The above table charts the difference in form for Dzeko between this season and last. Obviously, and taking into account that there have only been two games played, Dzeko has stepped up on nearly every stat form his debut season in the Premier League. His ability to create chances, take shots and passing in the final third have been improved upon, as well as his passes per game and clear-cut opportunities. Also, since the season began, Dzeko has been far more involved in City’s play, touching the ball on average 53 times a game, compared to 33 last season. His two goals, which was the amount he scored in 15 appearances last season, have been timed at occuring every 85 minutes – a significant improvement on last season’s dreadful 423.
As the above screenshot – and the general consensus among Premier League football fans – suggests, Dzeko has left behind the confused and bewildered Bosnian figure who struggled to adapt to English football, and adopted a far more prolific, technically-astute approach to the game, which has seen him earn many plaudits so far this campaign.
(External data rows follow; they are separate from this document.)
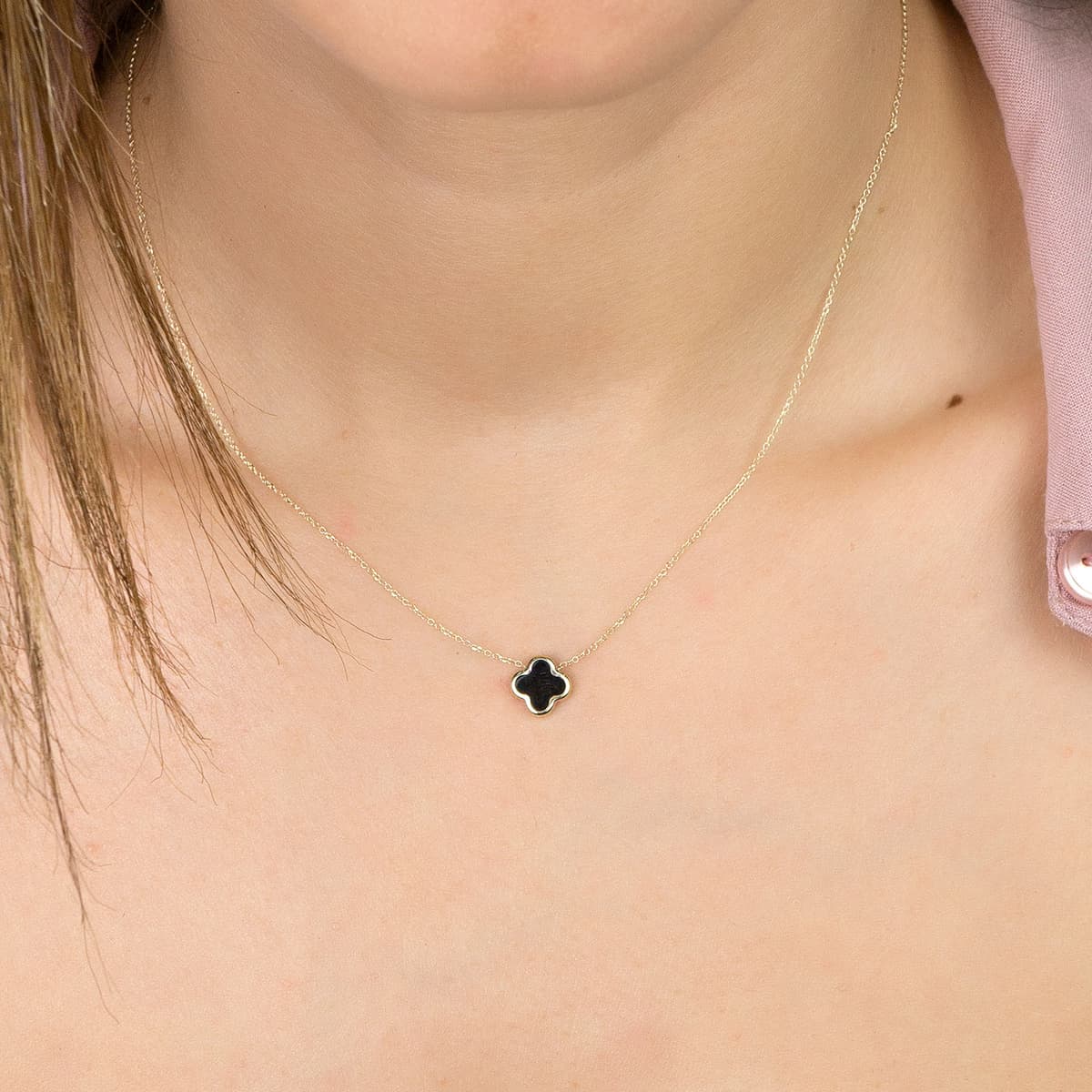 Women's Necklaces Gofas Gold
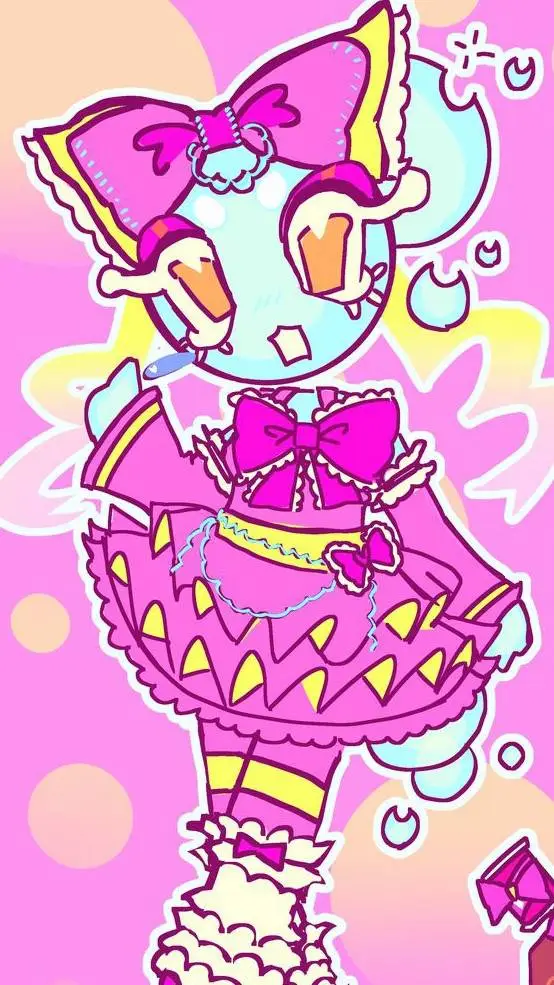 ai character: {🫧🎀𝑷𝒐𝒑𝒑𝒚🎀🫧} background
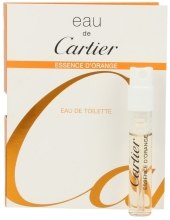 Духи, Парфюмерия, косметика Eau de Cartier Essence d'Orange - Туалетная вода (пробник)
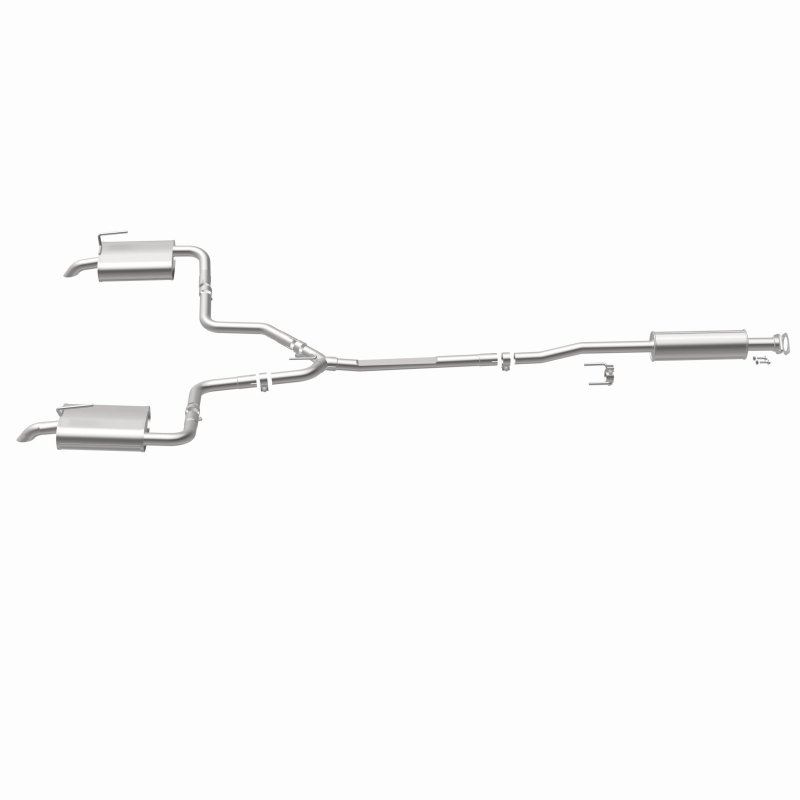 BRExhaust 19-25 Nissan Altima 2.5L Direct-Fit Replacement Exhaust Kit thumbnail 5
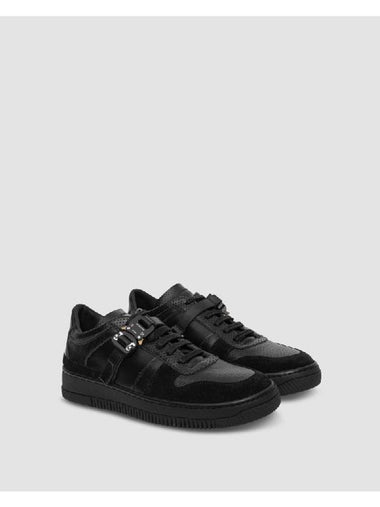 Alix Roller Coaster Buckle Leather Sneakers - 1017 ALYX 9SM - BALAAN 1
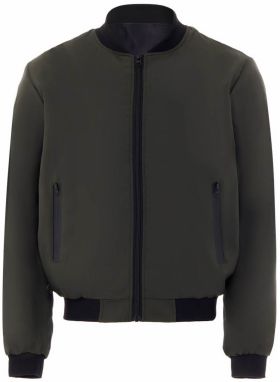 MO Prechodná bunda  olivová / čierna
In City’s first game vs Swansea, Dzeko showed why he could be trusted for being selected in the starting XI, repaying the managers faith by scoring a goal. But it wasn’t only the goal that got the medias attention. His all-round game was viewed as much better than his previous 15 Premier League outings. His 81% success rate with passes in the attacking third, four chances created and 3/4 dribble attempts were just the beginning of something very promising to come from the 25-year-old.
Back in May when he began the game vs Everton, fans still didn’t know what to make of him. He had failed to make an all-important impression during his first couple of games, and if there was a time to set the record straight, now would be the time. He took to the field not knowing what lay ahead of him, – only that a good performance would be needed to revive his chances in the Manchester City squad come next season.
During the course of the game Dzeko managed three shots, with only one on target, and played 28 passes. His passes in the attacking third were matched at a 75% success rate, as well as creating just two chances. Out of the 28 passes he played 14 of them were forward (completing only 8), 7 were square. Over the 90 minutes Dzeko also touched the ball 42 times and embarked on three dribbles – of which only one was a success, and accompanyied that by losing possession of the ball no more than two times. However, in Manchester on City’s opening game this season it was a totally different story.
Immediately, we saw an improvement in the Bosnian’s performance as he landed 4 out of his 5 shots on target. He also played 7 more passes than he did at Goodison Park last May, with 21 of the 35 carried out in the final third of the pitch. His creativity on show again as he produced 4 chances for his teammates throughout the game. But perhaps the most startling comparison between the two games was Dzeko’s success with dribbling with the ball, completing 3/4 vs Swansea, compared to 1/3 vs Everton. Dzeko also beefed up his all-round game in City’s opener as he improved upon his crossing, through balls, interceptions, chipped passes, lay-offs and flick-ons which he hadn’t really used to effect that afternoon in May.
I know it’s early days, but if he can maintain these level of performances throughout the season I very well think he could keep out a certain Mr Carlos Tevez of the starting line-up and reestablish himself as a dominant figure in European football.